The problem ->
From the line with "Look negro con" to the line with "CrossFire Legends: Không", output every line below exactly, both ends included. Skip the pictures.

Data supplied ->
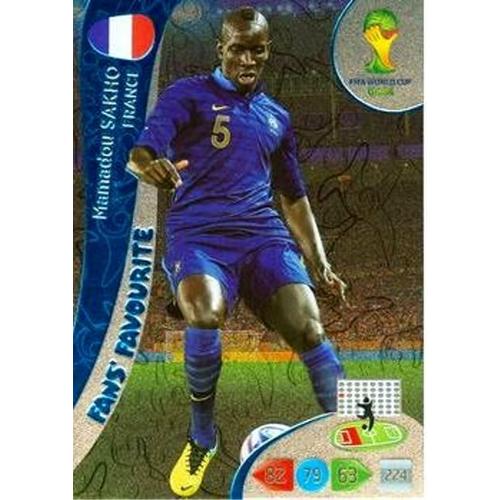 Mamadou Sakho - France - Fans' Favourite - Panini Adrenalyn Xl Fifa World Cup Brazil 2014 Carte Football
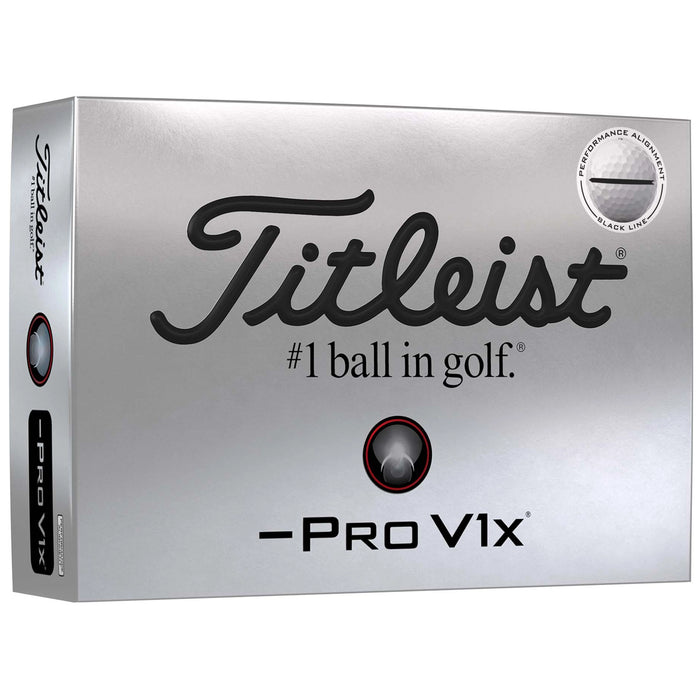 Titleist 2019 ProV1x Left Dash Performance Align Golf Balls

...

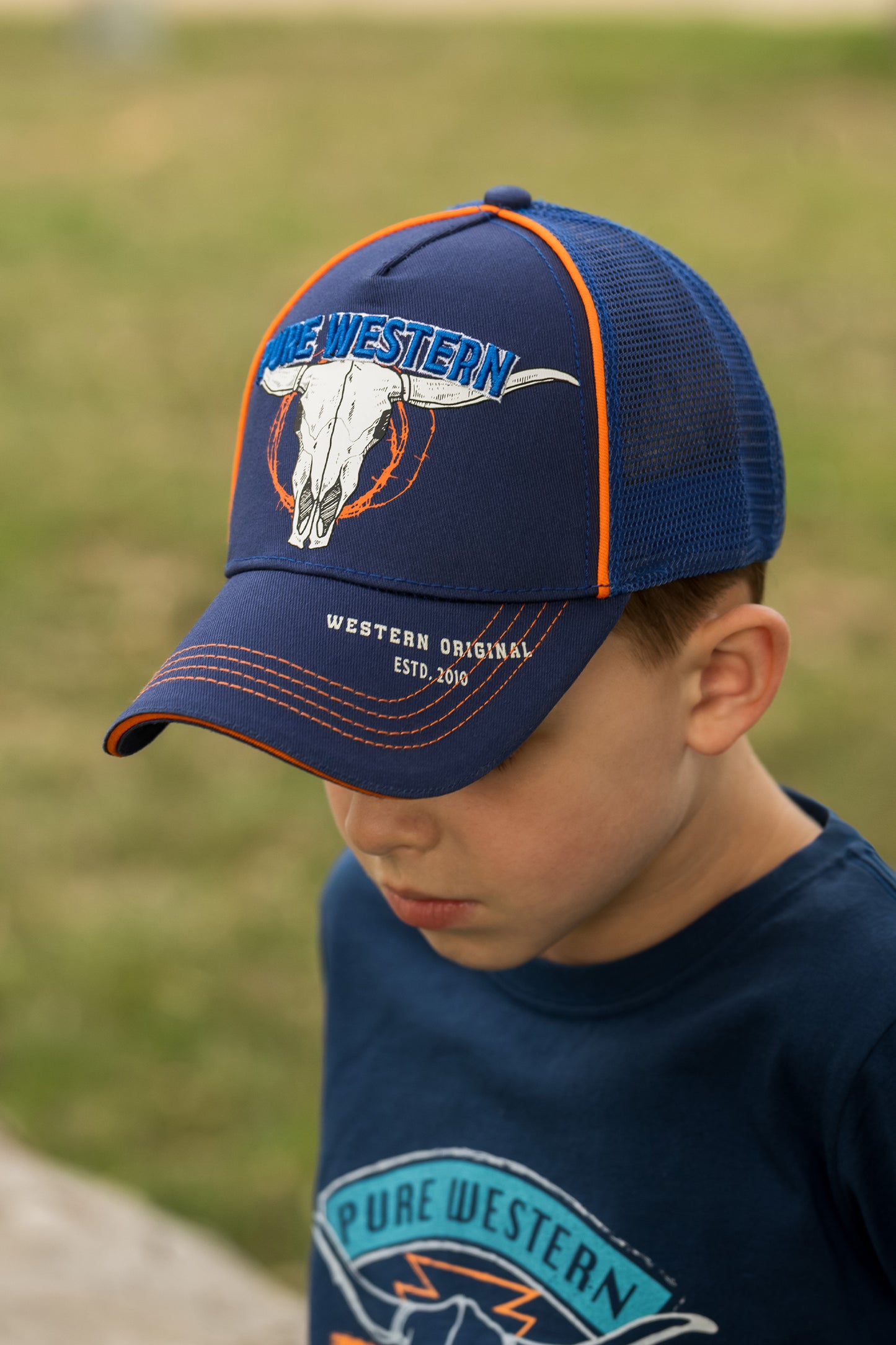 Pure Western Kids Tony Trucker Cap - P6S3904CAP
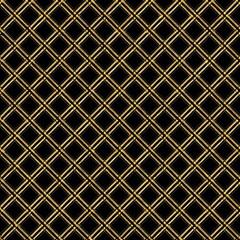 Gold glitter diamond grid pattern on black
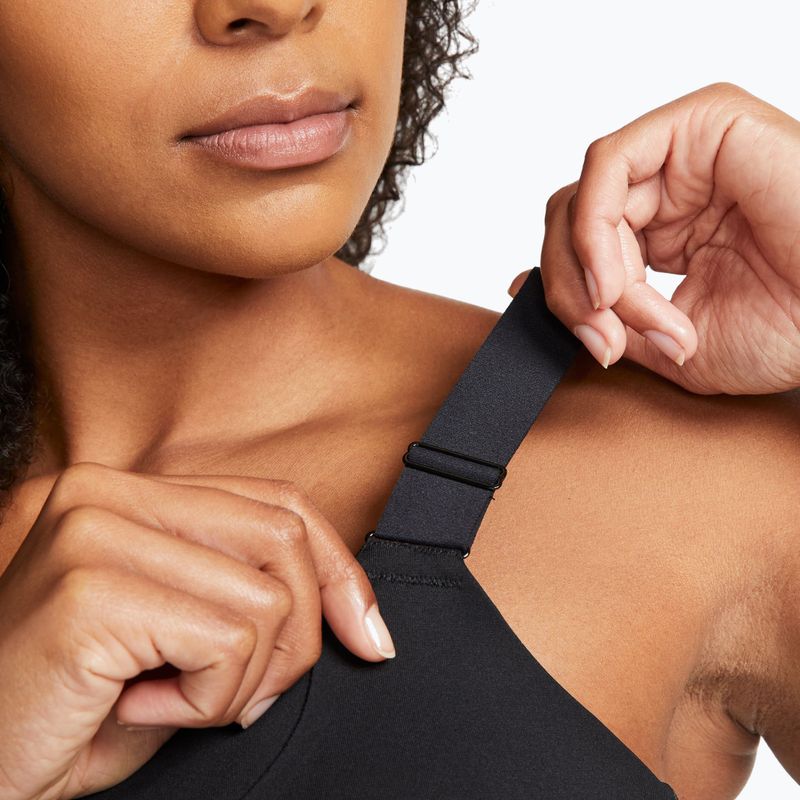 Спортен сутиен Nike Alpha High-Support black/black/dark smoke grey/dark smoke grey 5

==

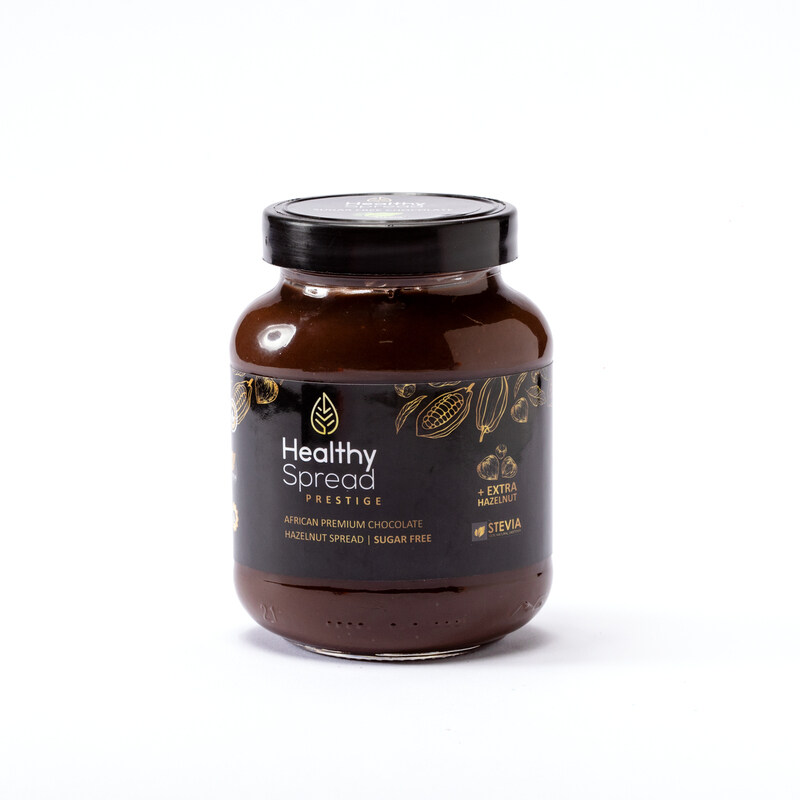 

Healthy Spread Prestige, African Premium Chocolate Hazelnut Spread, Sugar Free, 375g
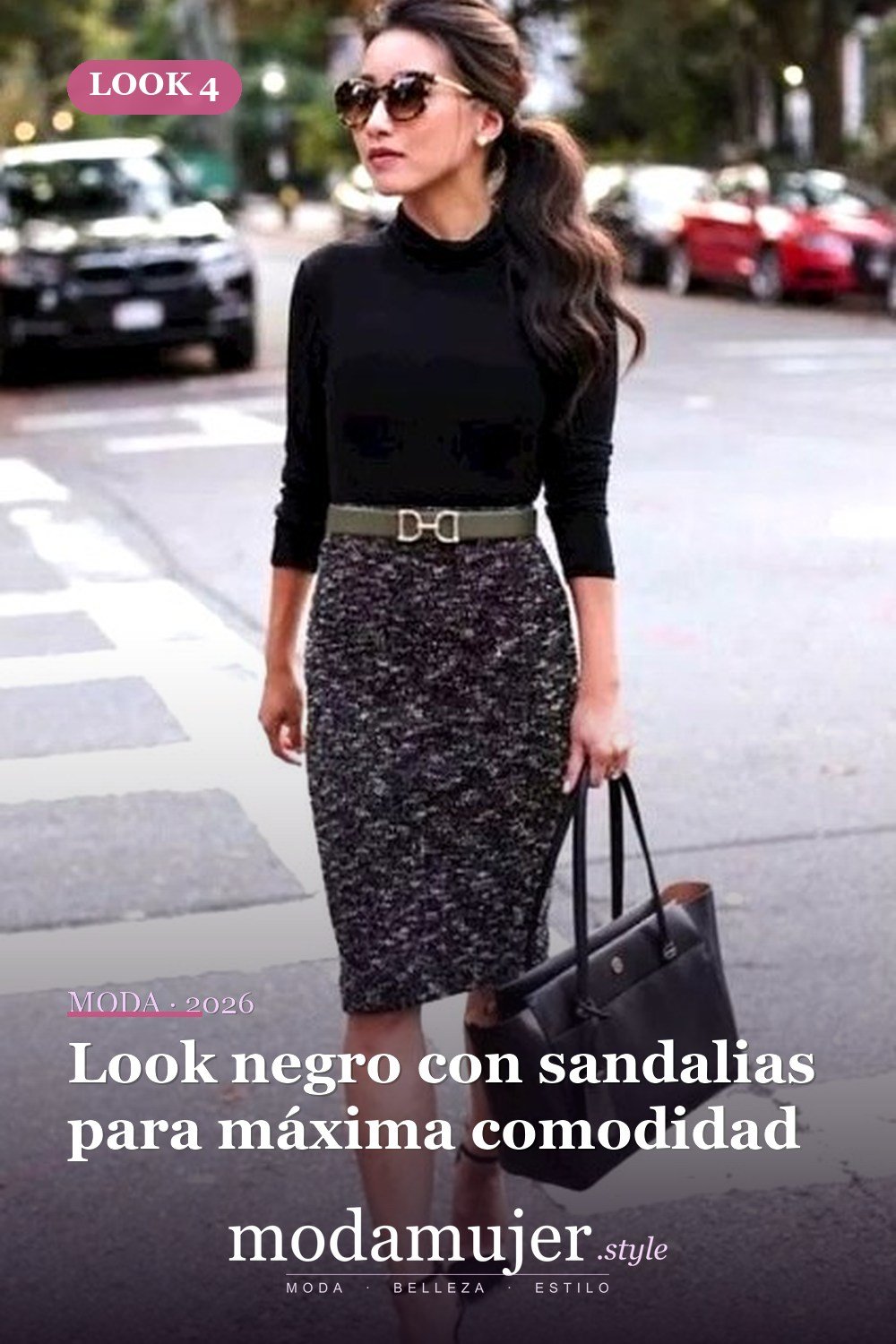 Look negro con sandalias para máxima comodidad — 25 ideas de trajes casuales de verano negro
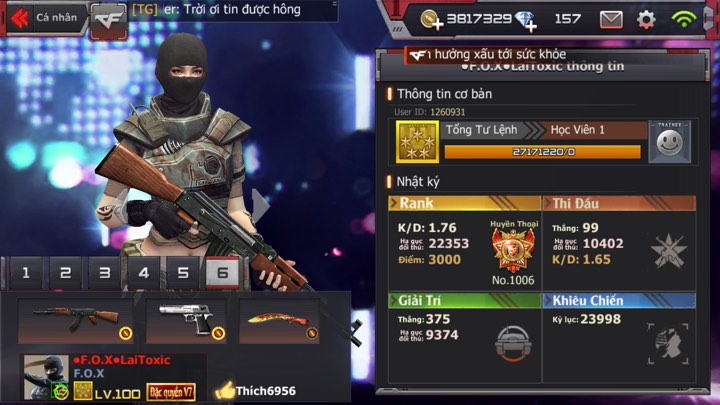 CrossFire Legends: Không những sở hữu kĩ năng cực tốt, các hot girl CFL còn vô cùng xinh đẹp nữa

Response to the task ->
 Look negro con sandalias para máxima comodidad — 25 ideas de trajes casuales de verano negro
 CrossFire Legends: Không những sở hữu kĩ năng cực tốt, các hot girl CFL còn vô cùng xinh đẹp nữa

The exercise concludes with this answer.